Segment Start: MATERIALS PROVIDED

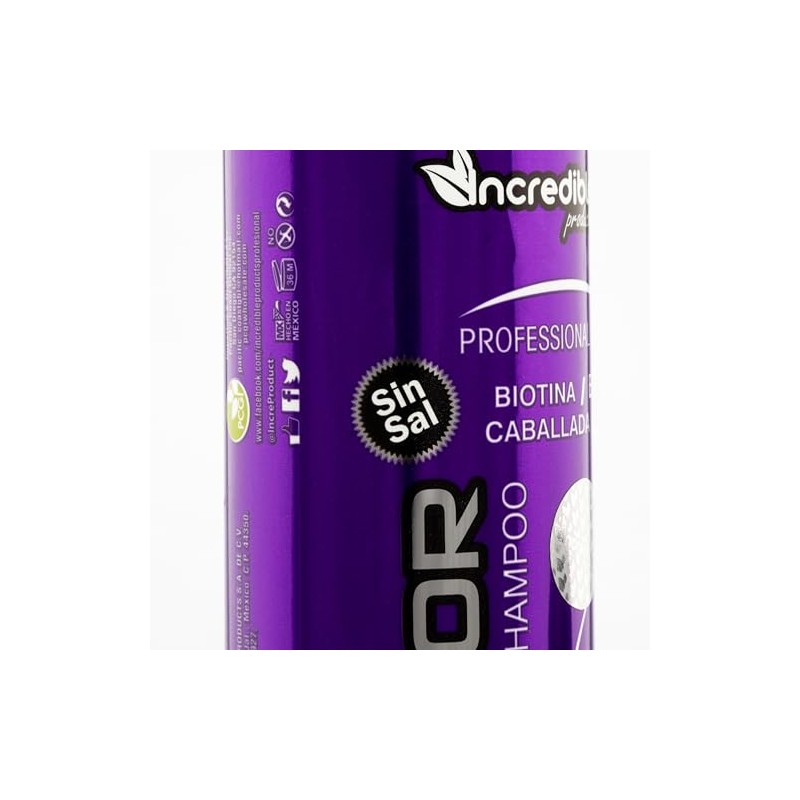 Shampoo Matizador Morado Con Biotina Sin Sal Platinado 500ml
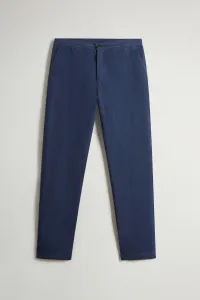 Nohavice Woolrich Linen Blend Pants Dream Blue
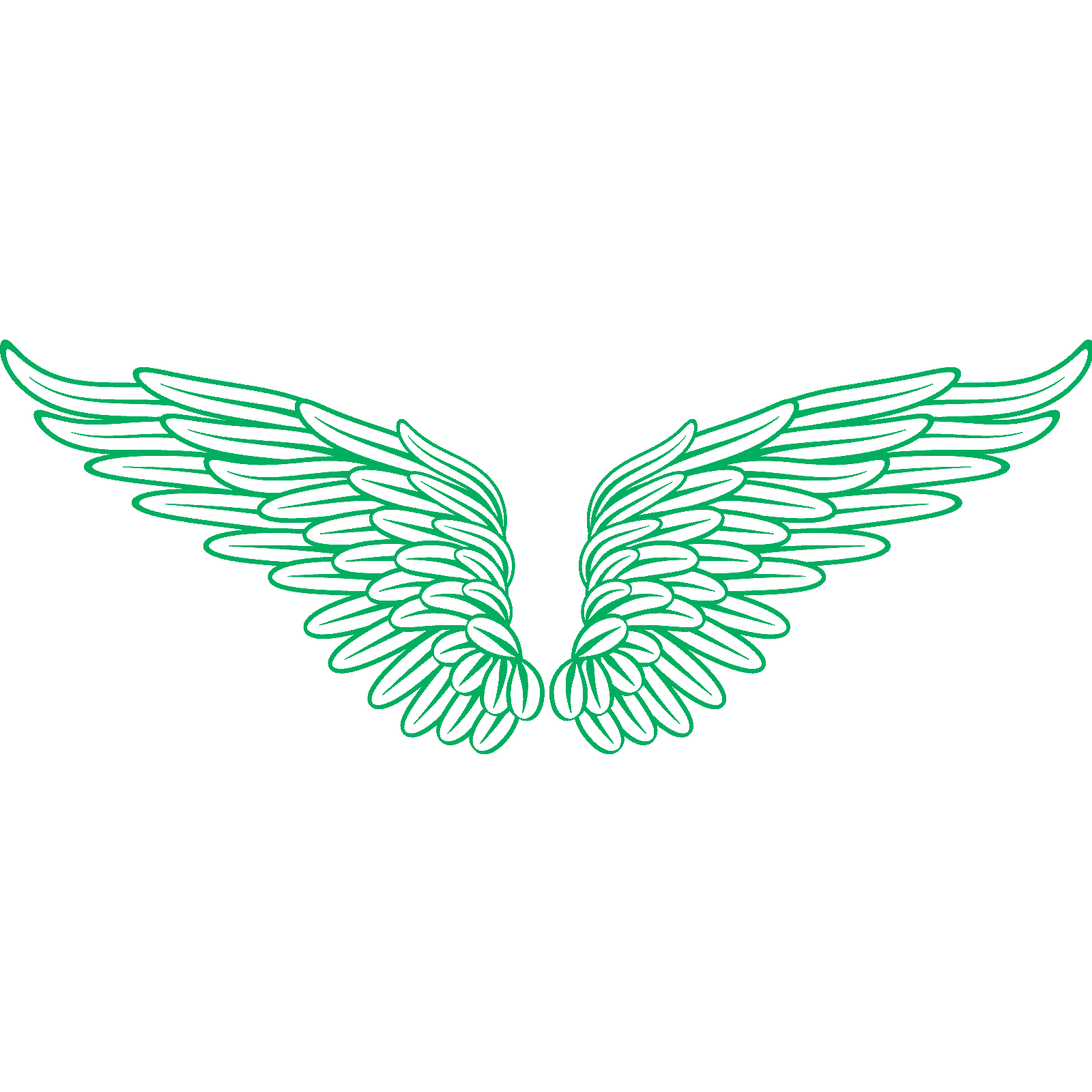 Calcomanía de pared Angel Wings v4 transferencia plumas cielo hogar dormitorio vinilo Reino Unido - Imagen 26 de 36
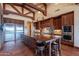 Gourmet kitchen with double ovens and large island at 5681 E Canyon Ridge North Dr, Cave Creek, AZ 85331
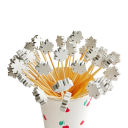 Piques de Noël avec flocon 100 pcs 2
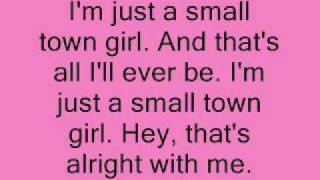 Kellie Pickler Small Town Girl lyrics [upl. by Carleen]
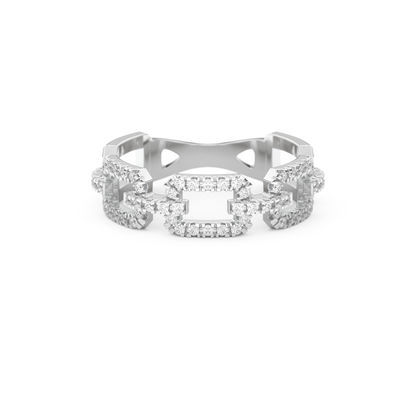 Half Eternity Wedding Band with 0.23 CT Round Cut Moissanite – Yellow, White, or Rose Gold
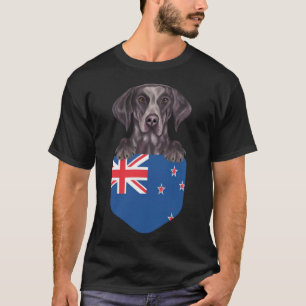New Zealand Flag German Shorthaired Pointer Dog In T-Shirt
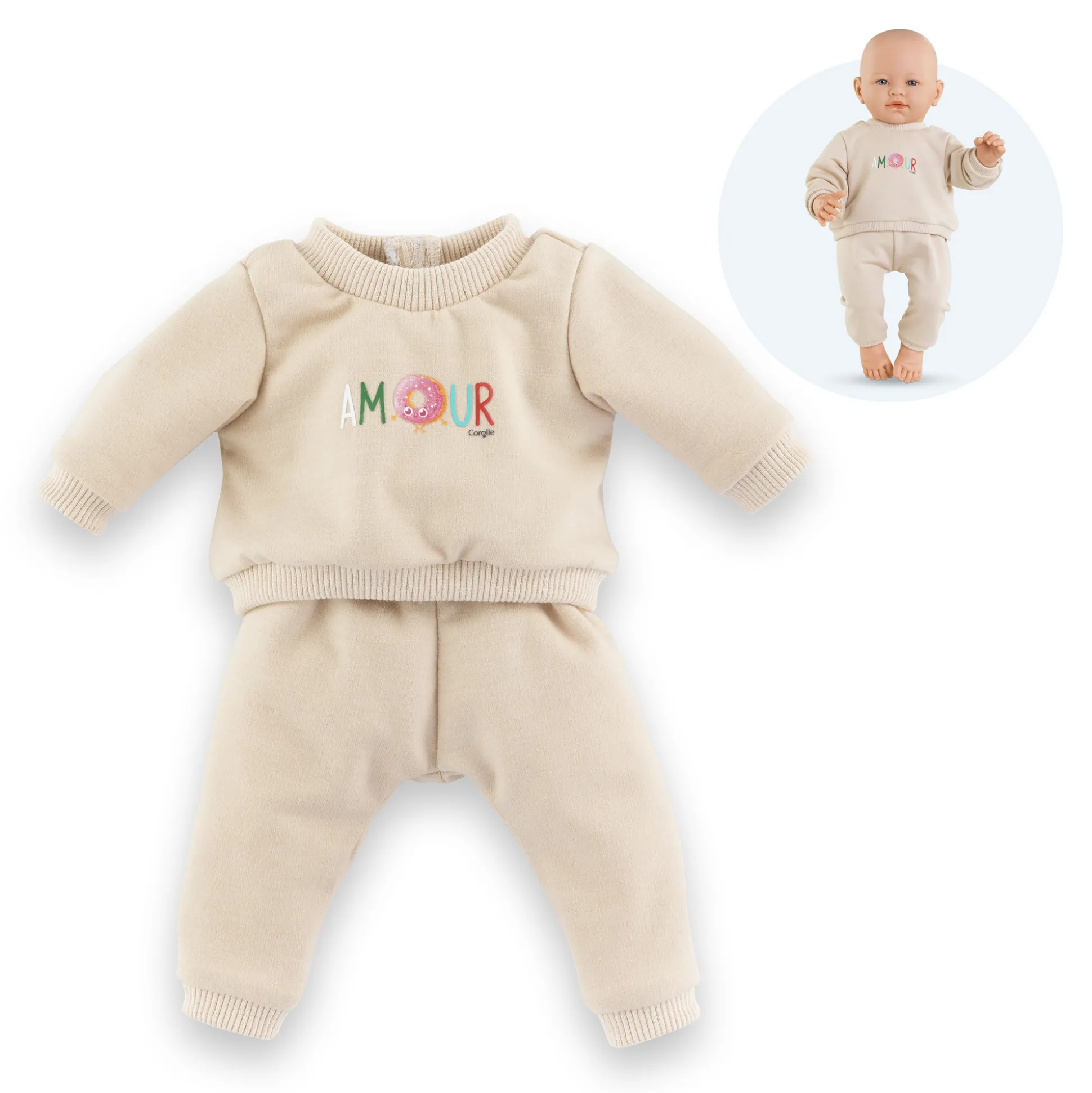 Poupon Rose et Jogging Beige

Segment End: MATERIALS PROVIDED
Segment Start: MATERIALS PROVIDED

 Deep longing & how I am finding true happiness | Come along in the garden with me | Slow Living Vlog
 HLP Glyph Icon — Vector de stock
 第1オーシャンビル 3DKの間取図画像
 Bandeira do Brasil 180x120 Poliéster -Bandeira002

Segment End: MATERIALS PROVIDED
Segment Start: MATERIALS PROVIDED

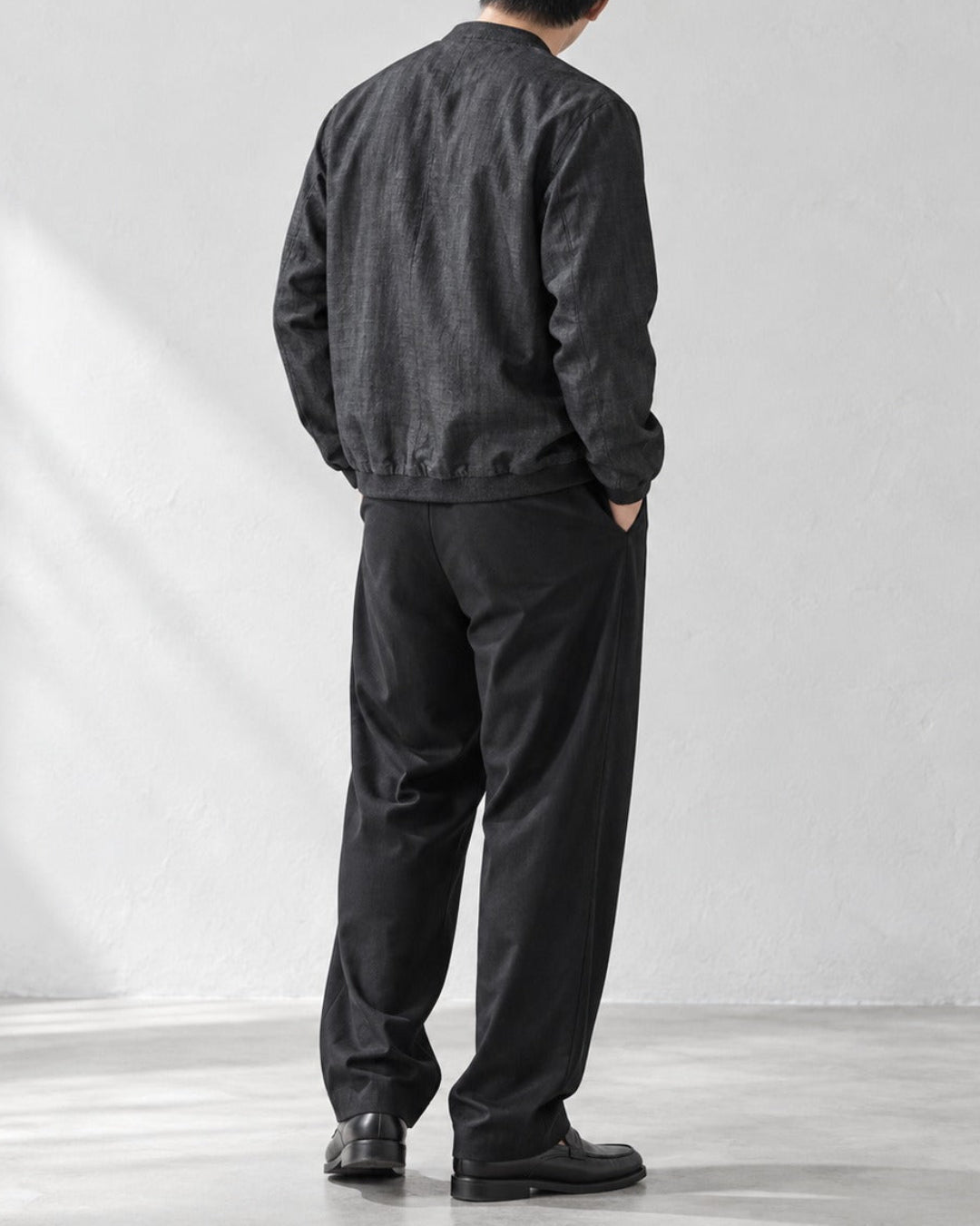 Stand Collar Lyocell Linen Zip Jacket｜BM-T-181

Segment End: MATERIALS PROVIDED

▶ [AIM OF THE TASK]:
No picture is to be printed. Output exactly the lines above from the line containing "Nohavice Woolrich Linen" through the line containing "Poupon Rose et Jogging Beige".

▶ [RESPONSE AREA]:
 Nohavice Woolrich Linen Blend Pants Dream Blue
 Calcomanía de pared Angel Wings v4 transferencia plumas cielo hogar dormitorio vinilo Reino Unido - Imagen 26 de 36
 Gourmet kitchen with double ovens and large island at 5681 E Canyon Ridge North Dr, Cave Creek, AZ 85331
 Piques de Noël avec flocon 100 pcs 2
 Kellie Pickler Small Town Girl lyrics [upl. by Carleen]
 Half Eternity Wedding Band with 0.23 CT Round Cut Moissanite – Yellow, White, or Rose Gold
New Zealand Flag German Shorthaired Pointer Dog In T-Shirt
 Poupon Rose et Jogging Beige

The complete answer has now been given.